The thing is, when we cling to our money too tightly, it stalls the energy flow and we create an even bigger problem.

It’s all about perspective. There’s a bit of truth in every perspective, but we all know the grass looks greener in someone else’s yard.

Now, post-divorce, the former wife keeps finding things to fight about (she just can’t let go, as happens with many clients, actually) and she keeps calling in her attorney.

To my client’s credit, he is trying to not involve me but to communicate with his ex-wife directly to work out issues because he knows that it is the better way, and he also wants to avoid having even higher legal bills.
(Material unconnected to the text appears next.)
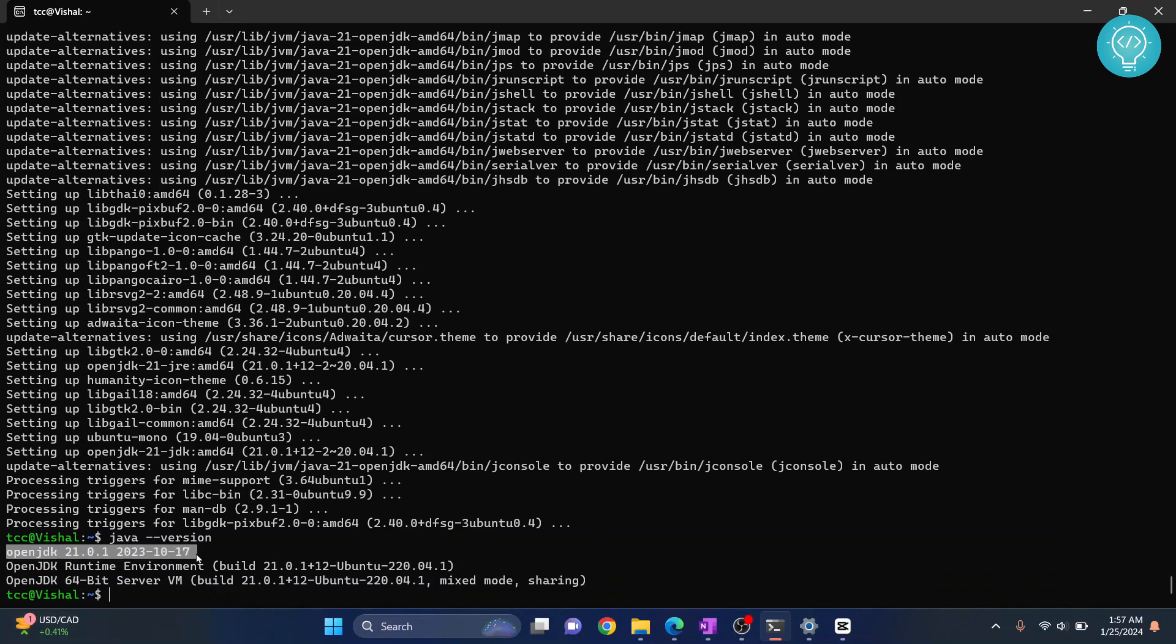This is how you can install Java and JDK in Ubuntu 22.04. If you have any questions, let me know in the comments below.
Yes, he created the situation – he believed they’d be married forever, and he was devastated to see that dream crumble. I know my client is having a hard time financially – and there’s nothing I can do about it because it’s what he agreed to.

Still, it breaks my heart to see such imbalance.

Another client, a woman, was young when her marriage ended. She worked an occasional contract job to bring in extra cash during the marriage, but her primary role was to care for the children and manage the household.  She’s now receiving spousal support and looking for permanent work. She’s having a hard time even still because at 40, it’s hard to begin a career.

And the worst part is that the ex-husband is now late in making his payments due to some variation in his  income from a second job about which he is passionate and which largely subsidized their family income during the marriage. The ex-wife stayed in the marital home, and she probably can’t afford to keep it.

We hold onto things because we want to hold onto what was, or because we think it is best for the children – but probably, we need to break free and start over, in a more affordable, manageable way, creating a new life, a new definition of self.

Nevertheless, from this ex-wife’s perspective, her former husband is still controlling the money and purposefully causing her additional financial hardship. The husband is probably thinking his ex-wife can afford everything because of what he is (or is supposed) to be paying for spousal support.

Who really knows – all we know is that it’s a tough financial road for her at this point in time. And the perspectives can be drastically different.

As happens with every divorce, these families are facing very new situations, emotionally and financially. In my experience, I’ve come to see that everything does settle out over time. It just takes time and we’re often not all that patient.

In each of these cases, very different divorces, very different people, one receiving payments, one paying out –both individuals are struggling.

If for even a moment, you can recognize the other person’s perspective, you might feel better. It’s not the time to try to empathize with the person who left you, or whom you left.

But for your own sake, internally accepting that the other person may be struggling,too, may offer moments of peace amongst the chaos.  And, over time, the finances, along with your emotions, will balance out. Try to be patient.